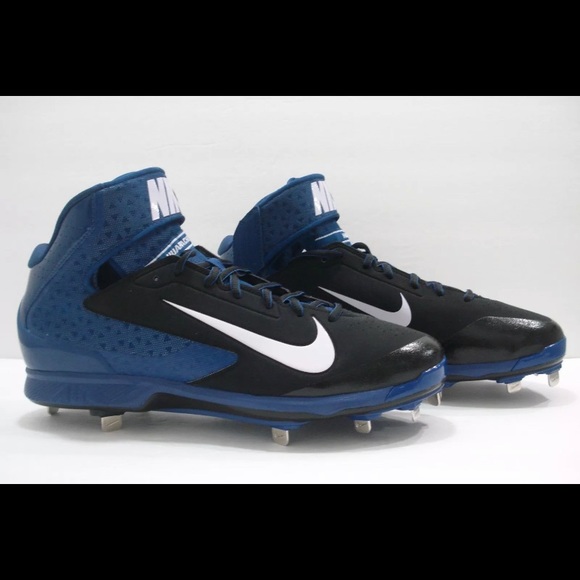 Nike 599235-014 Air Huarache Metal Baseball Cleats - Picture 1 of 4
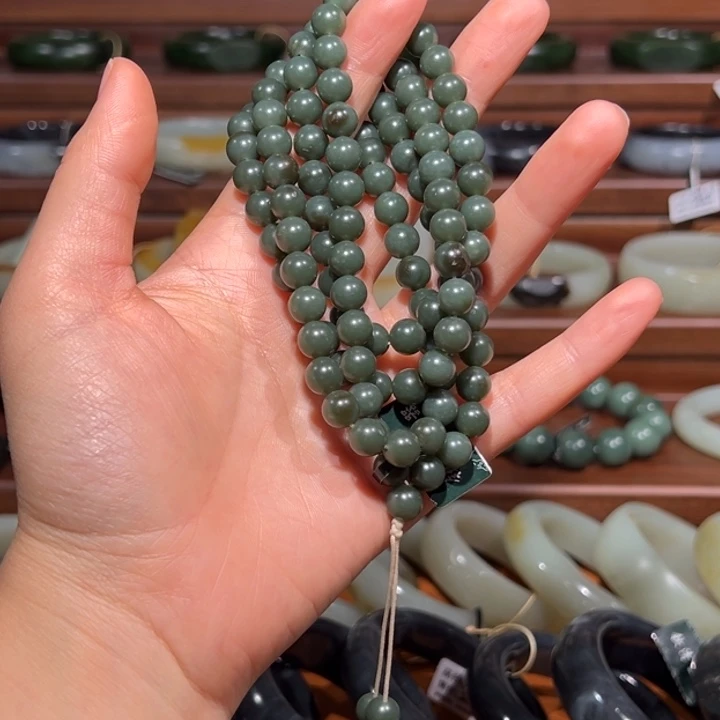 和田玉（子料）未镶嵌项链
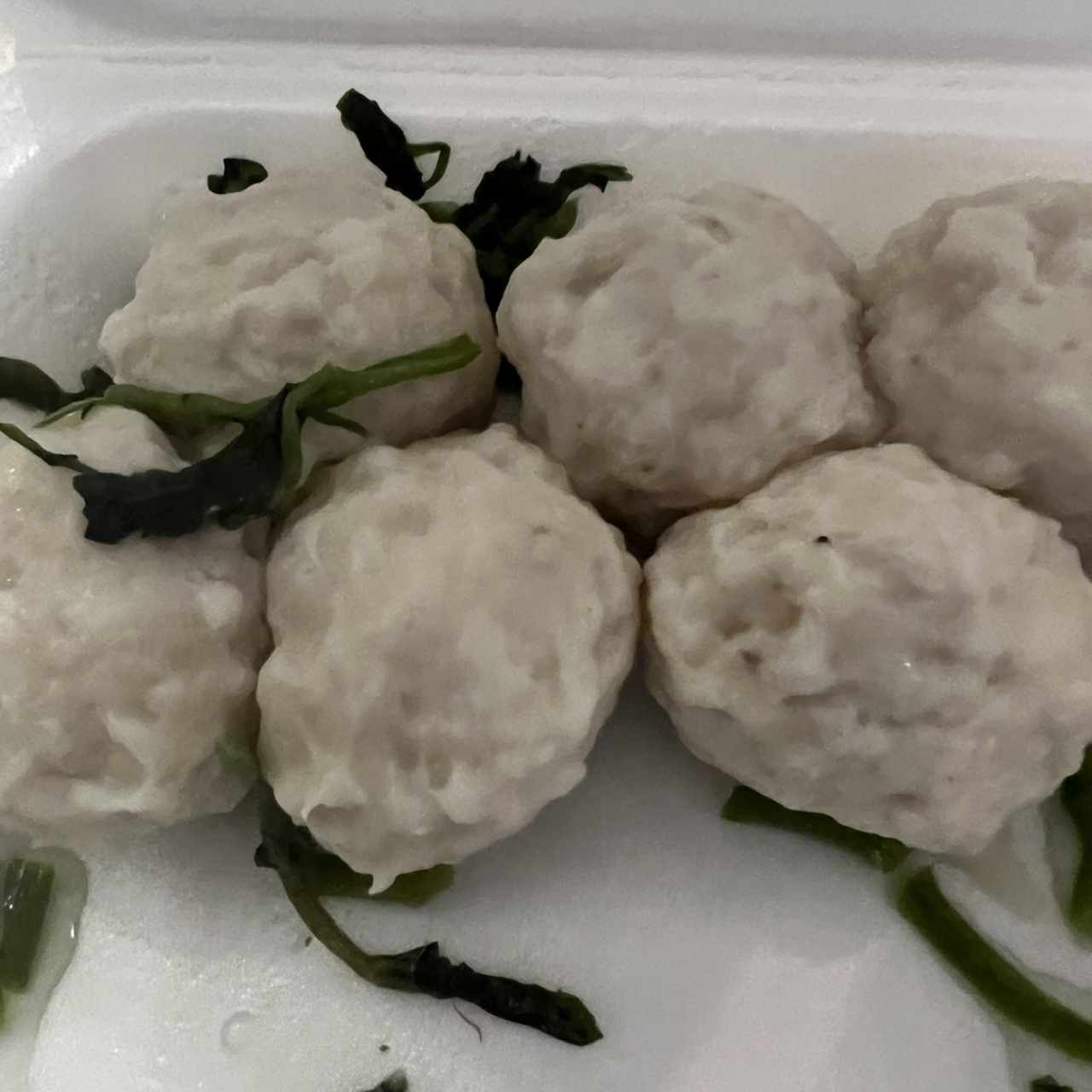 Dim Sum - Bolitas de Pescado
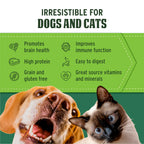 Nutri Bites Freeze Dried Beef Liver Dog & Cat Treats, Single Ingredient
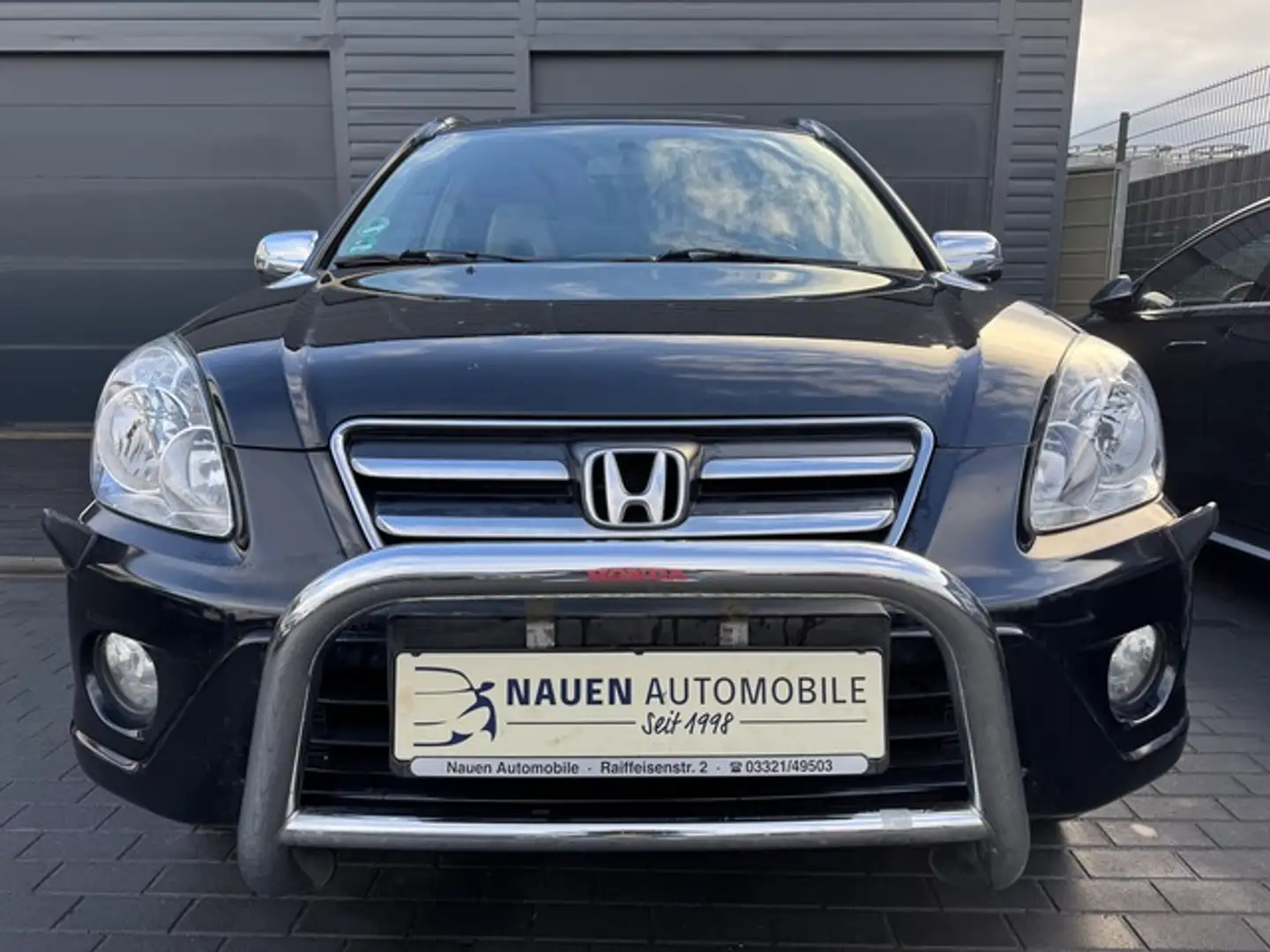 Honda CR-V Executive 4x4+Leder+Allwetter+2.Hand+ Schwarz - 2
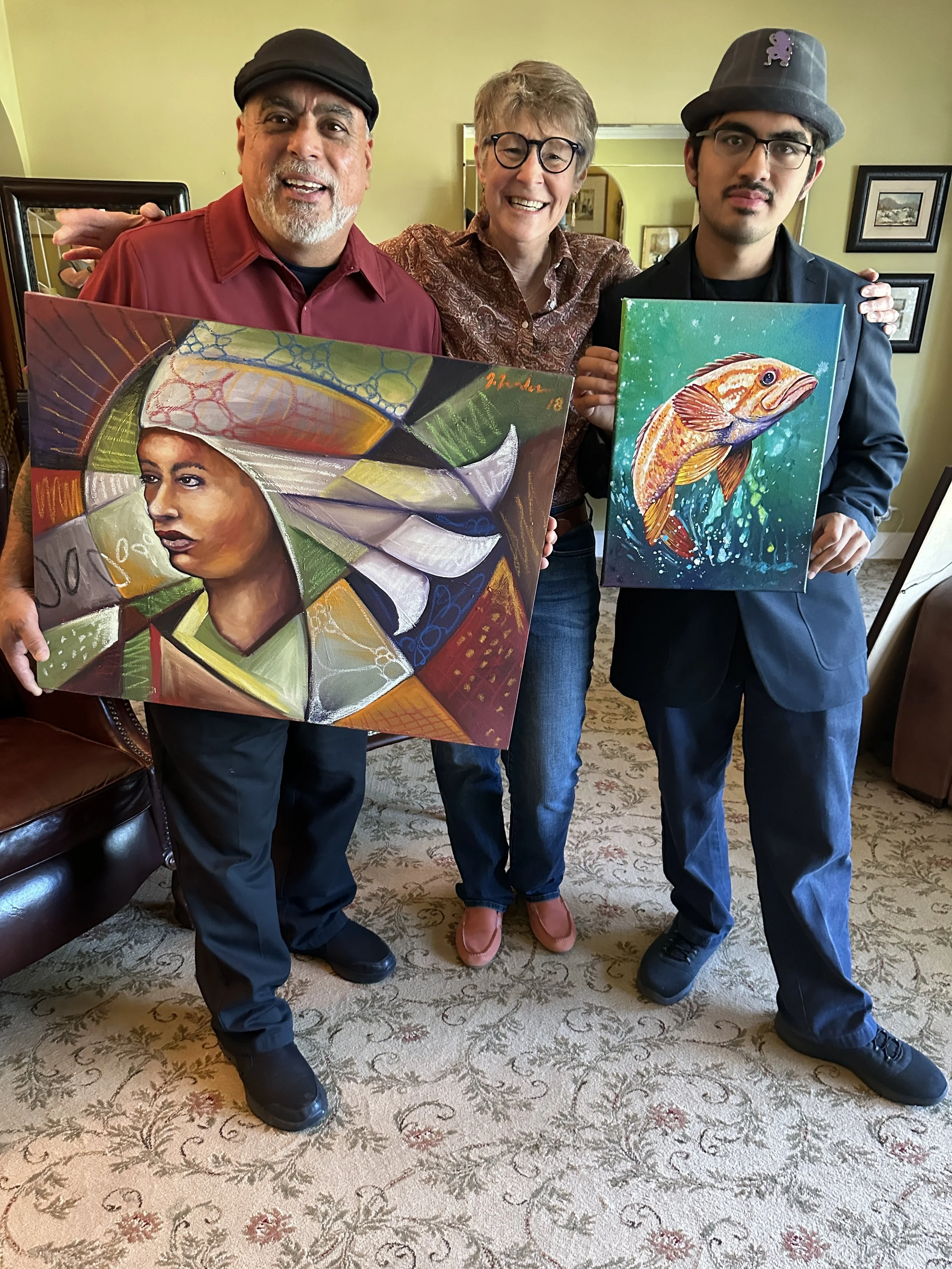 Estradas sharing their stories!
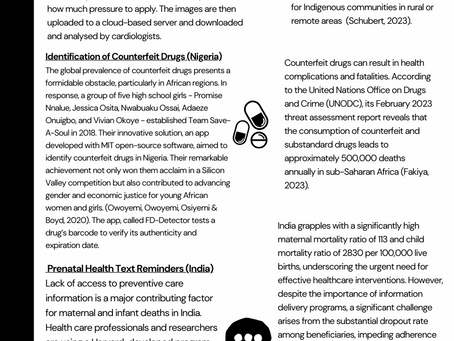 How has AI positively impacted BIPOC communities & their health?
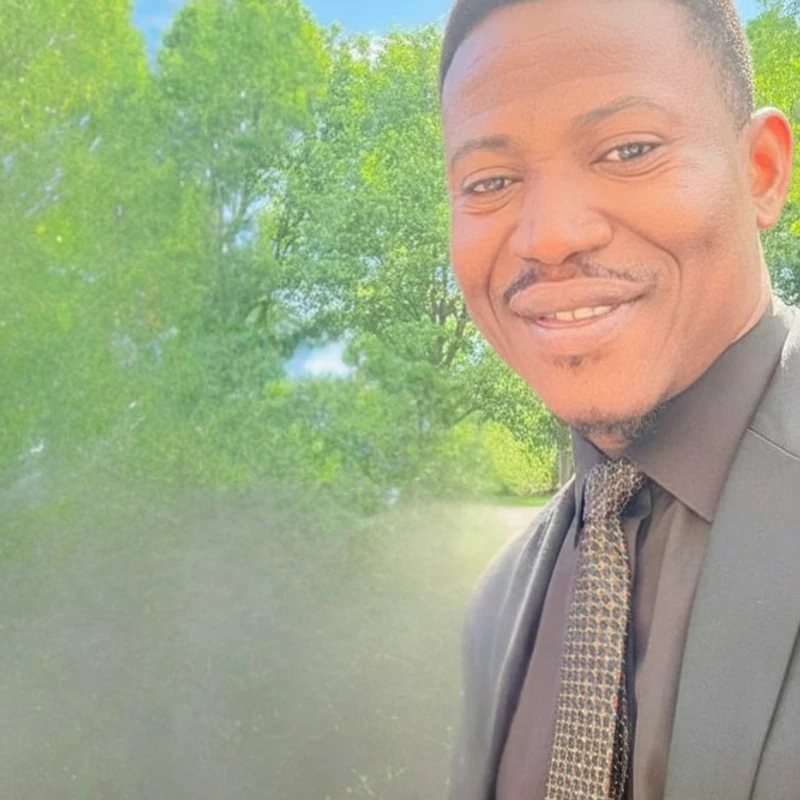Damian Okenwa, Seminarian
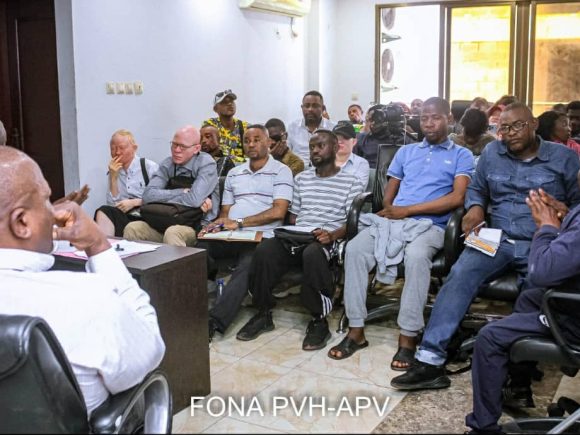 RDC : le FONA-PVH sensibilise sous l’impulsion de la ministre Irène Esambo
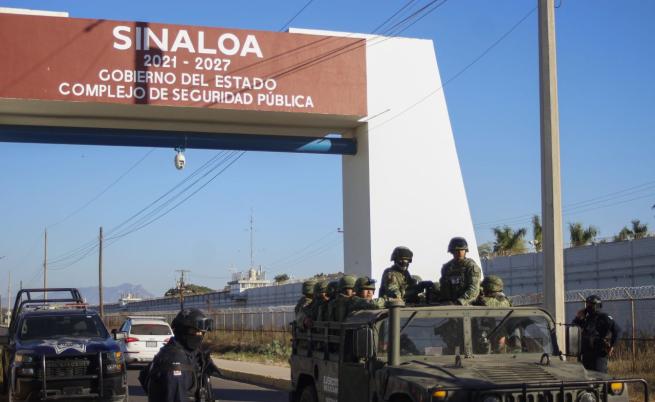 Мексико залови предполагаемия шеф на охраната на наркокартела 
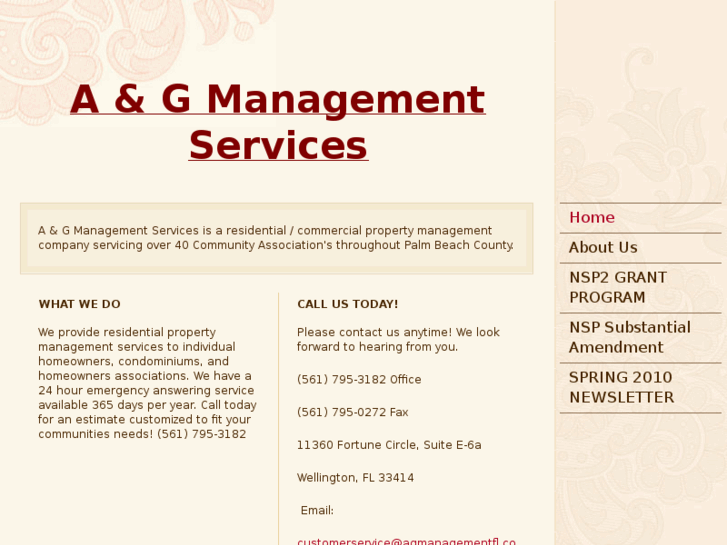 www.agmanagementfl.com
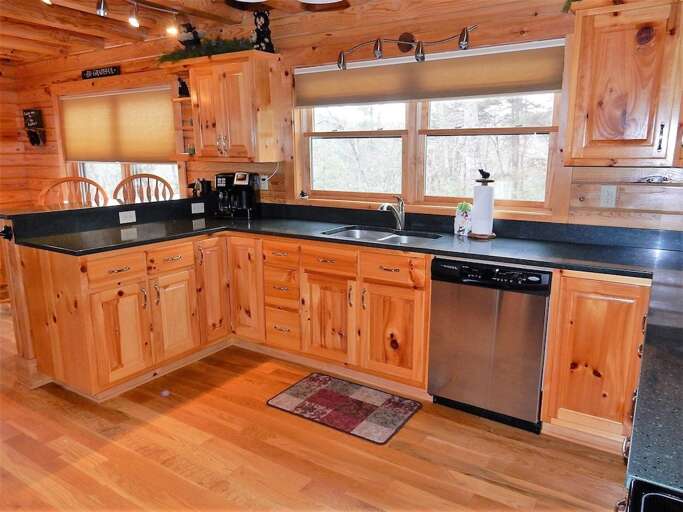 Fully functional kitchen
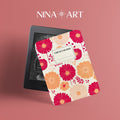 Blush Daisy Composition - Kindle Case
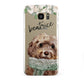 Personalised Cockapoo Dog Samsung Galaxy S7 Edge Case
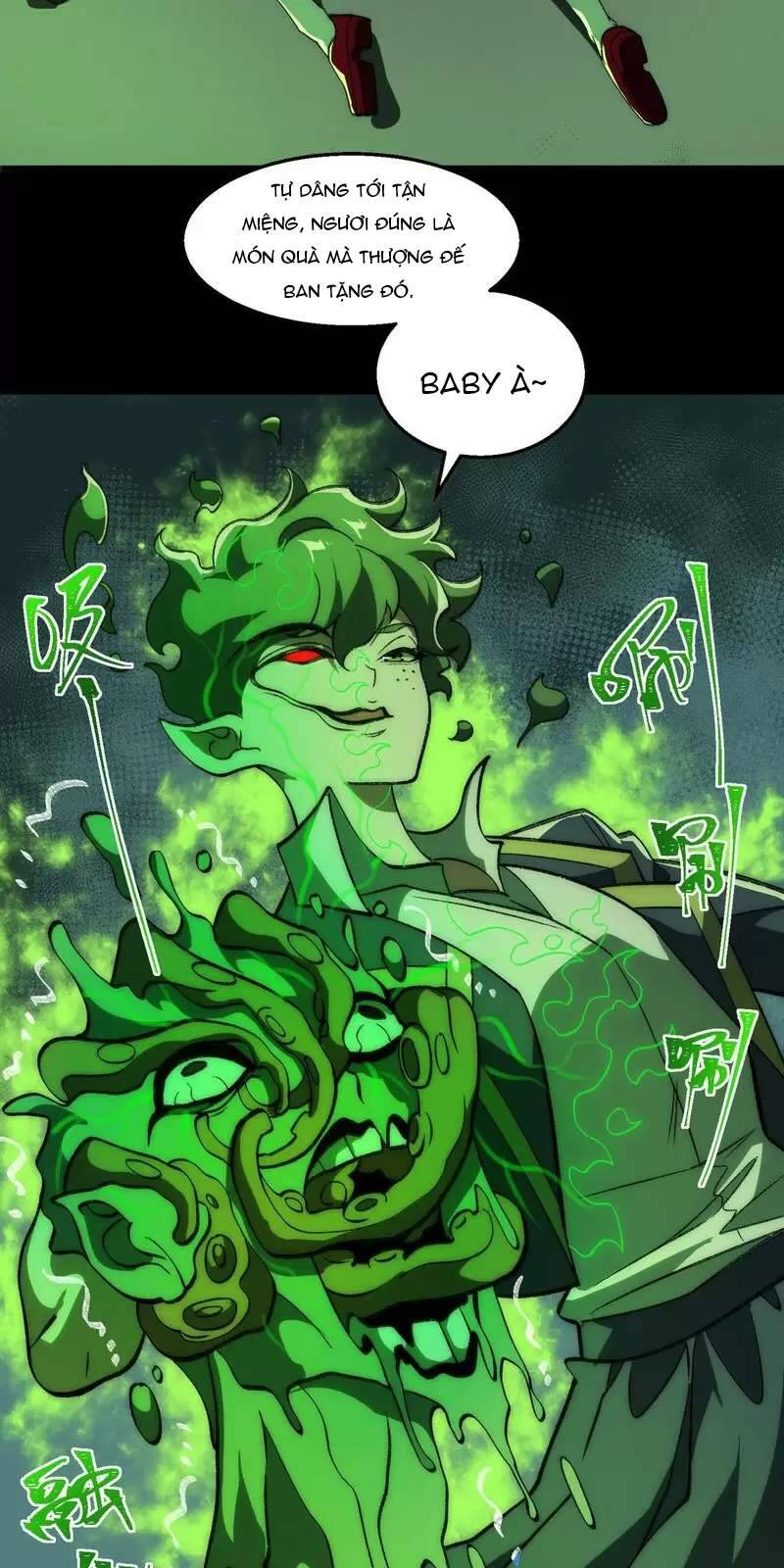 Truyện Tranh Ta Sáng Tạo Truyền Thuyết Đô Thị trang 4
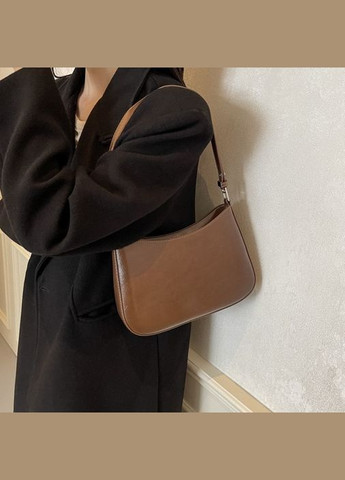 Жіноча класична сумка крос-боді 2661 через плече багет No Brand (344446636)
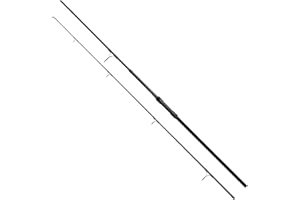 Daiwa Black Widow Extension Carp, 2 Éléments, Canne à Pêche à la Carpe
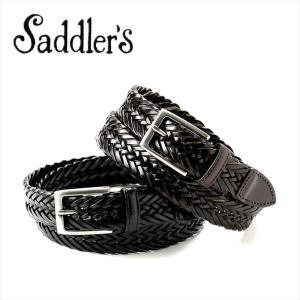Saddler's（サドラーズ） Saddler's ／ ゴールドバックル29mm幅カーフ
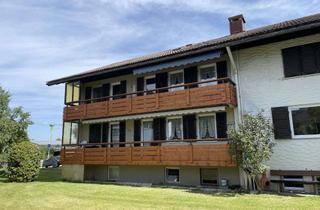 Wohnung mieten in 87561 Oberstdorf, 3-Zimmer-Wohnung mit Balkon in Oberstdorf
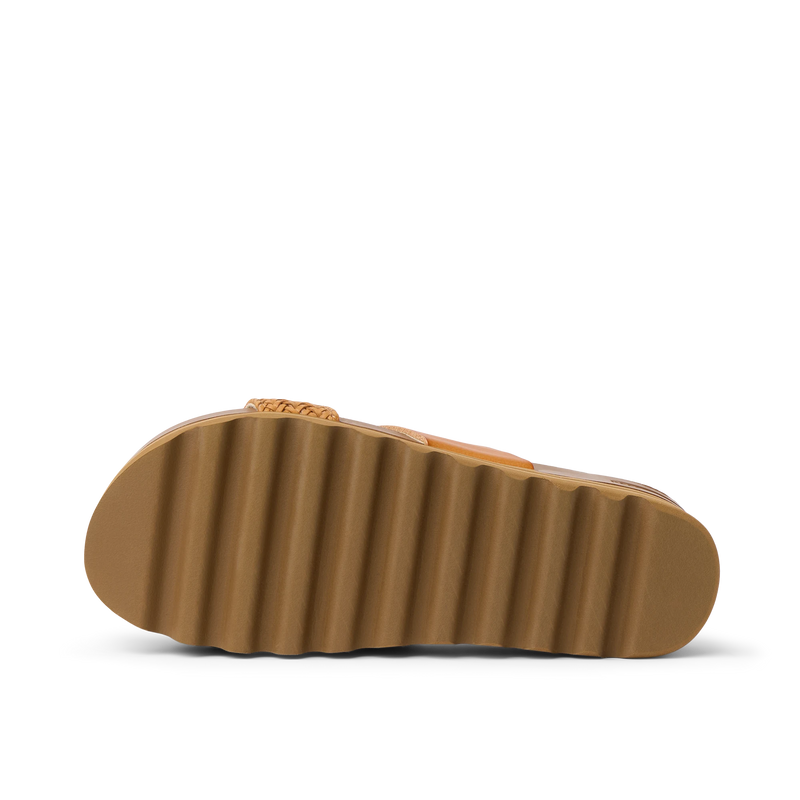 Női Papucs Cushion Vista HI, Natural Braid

--------

Exercise instructions — Both the line above containing "Estradas sharing their stories!" and the line containing "Wohnung mieten in" belong in the copy, along with every line between them; print these exactly and omit the pictures.

Exercise output —
 Estradas sharing their stories!
 How has AI positively impacted BIPOC communities & their health?
Damian Okenwa, Seminarian
 RDC : le FONA-PVH sensibilise sous l’impulsion de la ministre Irène Esambo
 Мексико залови предполагаемия шеф на охраната на наркокартела 
 www.agmanagementfl.com
 Fully functional kitchen
 Blush Daisy Composition - Kindle Case
 Personalised Cockapoo Dog Samsung Galaxy S7 Edge Case
 Truyện Tranh Ta Sáng Tạo Truyền Thuyết Đô Thị trang 4
 Жіноча класична сумка крос-боді 2661 через плече багет No Brand (344446636)
 Daiwa Black Widow Extension Carp, 2 Éléments, Canne à Pêche à la Carpe
Saddler's（サドラーズ） Saddler's ／ ゴールドバックル29mm幅カーフ
 Wohnung mieten in 87561 Oberstdorf, 3-Zimmer-Wohnung mit Balkon in Oberstdorf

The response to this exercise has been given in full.